Despite shelving WAPI, China stands firm on chip tax

IDG News Service |  Mobile & Wireless

The fuss over China's plans to implement a national standard for wireless LANs (WLANs) came to a quiet end Wednesday during bilateral trade talks between U.S. and Chinese officials in Washington, D.C. But the outcome of the talks was far from being a complete victory for the U.S. side, which had raised several areas of concern.

The announcement that implementation of WAPI (WLAN Authentication and Privacy Infrastructure) will be delayed indefinitely was generally hailed as a victory for U.S. companies that had opposed the measure. However, the Chinese side yielded no ground during the talks on a value-added tax (VAT) rebate given to some domestically produced semiconductors.

The VAT rebate, which is not offered for chips produced outside of China, lies at the heart of a lingering trade dispute between the two sides. U.S. firms exported about US$2 billion worth of chips to China in 2003, according to the Office of the U.S. Trade Representative. China's tax policy cost the purchasers of those chips an additional $344 million, it said.

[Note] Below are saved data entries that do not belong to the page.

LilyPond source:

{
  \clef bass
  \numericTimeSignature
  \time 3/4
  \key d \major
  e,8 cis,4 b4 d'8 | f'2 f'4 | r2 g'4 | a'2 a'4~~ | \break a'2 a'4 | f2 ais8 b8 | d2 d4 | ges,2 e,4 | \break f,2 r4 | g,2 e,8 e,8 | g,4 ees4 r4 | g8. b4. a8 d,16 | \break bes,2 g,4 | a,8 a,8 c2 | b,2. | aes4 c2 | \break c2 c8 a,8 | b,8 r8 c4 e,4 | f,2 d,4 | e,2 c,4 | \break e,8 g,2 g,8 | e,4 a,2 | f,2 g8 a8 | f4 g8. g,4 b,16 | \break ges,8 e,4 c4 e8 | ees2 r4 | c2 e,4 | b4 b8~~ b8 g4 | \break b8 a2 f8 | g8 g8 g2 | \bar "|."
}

"The Chinese have more to gain from the VAT on chips than they do from WAPI," said Duncan Clark, managing director of market analyst BDA China Ltd. in Beijing. Clark noted that the Chinese government has made the development of the company's semiconductor manufacturing industry a strategic priority.

Bilateral discussions on the chip VAT will continue next week in Geneva, Switzerland, U.S. Trade Representative Robert Zoellick said.

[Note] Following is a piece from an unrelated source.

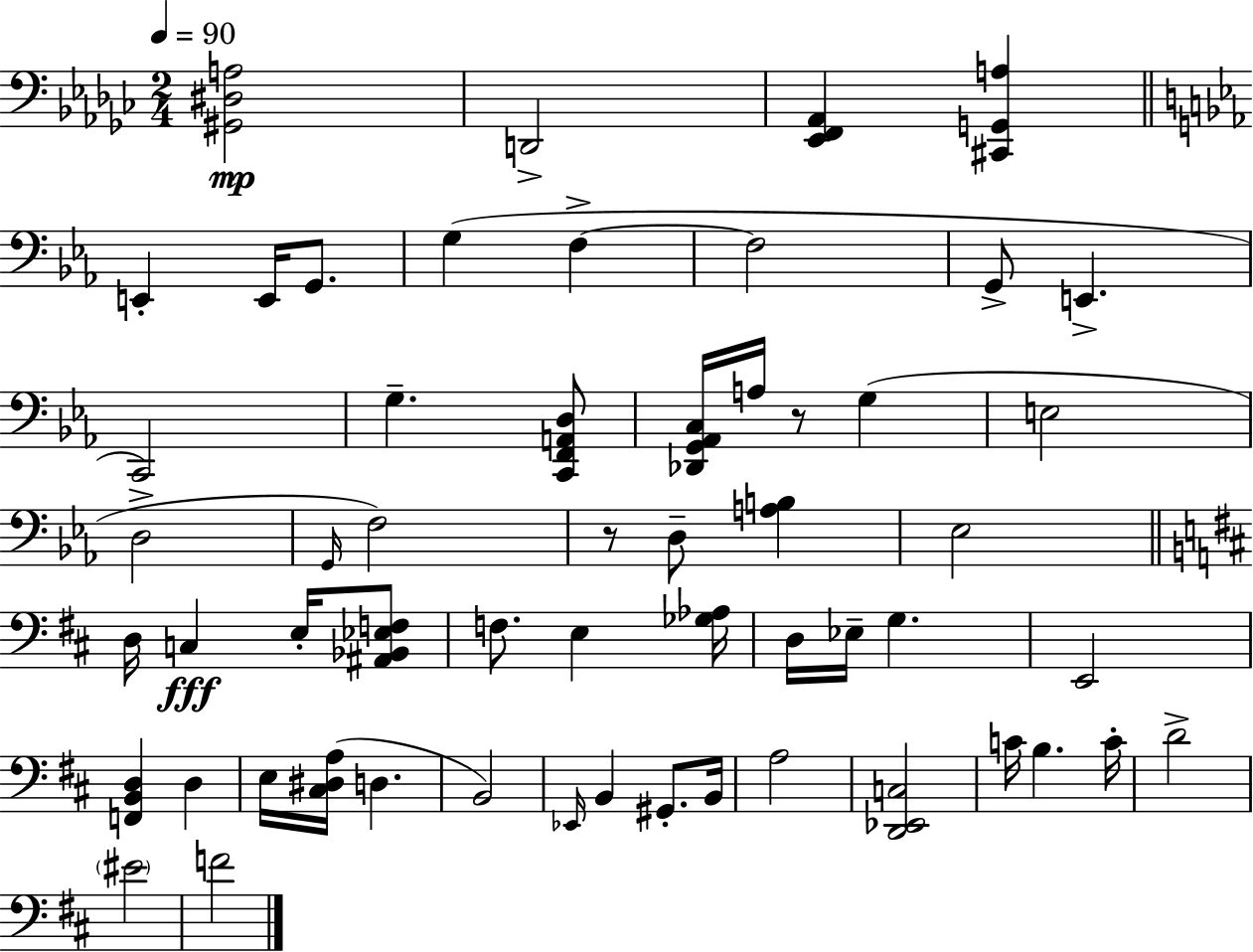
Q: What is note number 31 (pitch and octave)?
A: D3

Although no agreement was reached on the chip VAT, China agreed to shelve indefinitely plans to require all WLAN equipment sold in the country after June 1 to support WAPI, a homegrown security protocol. WAPI is not compatible with the security protocol used by the 802.11 wireless networking standard developed by the Institute of Electrical and Electronics Engineers Inc. (IEEE).

If the Chinese WLAN standard had been implemented, sales of 802.11-based WLAN equipment would not have been permitted in China after June 1. To licence WAPI, foreign vendors would have been forced to share their technology with Chinese companies under a provision that required foreign vendors to license through coproduction agreements with one of more than 20 designated Chinese companies.

In addition to shelving plans to implement WAPI, Chinese officials agreed during the talks to step up their enforcement efforts against intellectual property piracy and said they support technology neutrality in the adoption of 3G (third-generation) standards for mobile phones.

The move to shelve WAPI was not completely unexpected. Analysts in China had been predicting for months that China would find a way to back down from requiring vendors to support WAPI.

"I'm not surprised. WAPI was ultimately an indefensible policy," Clark said.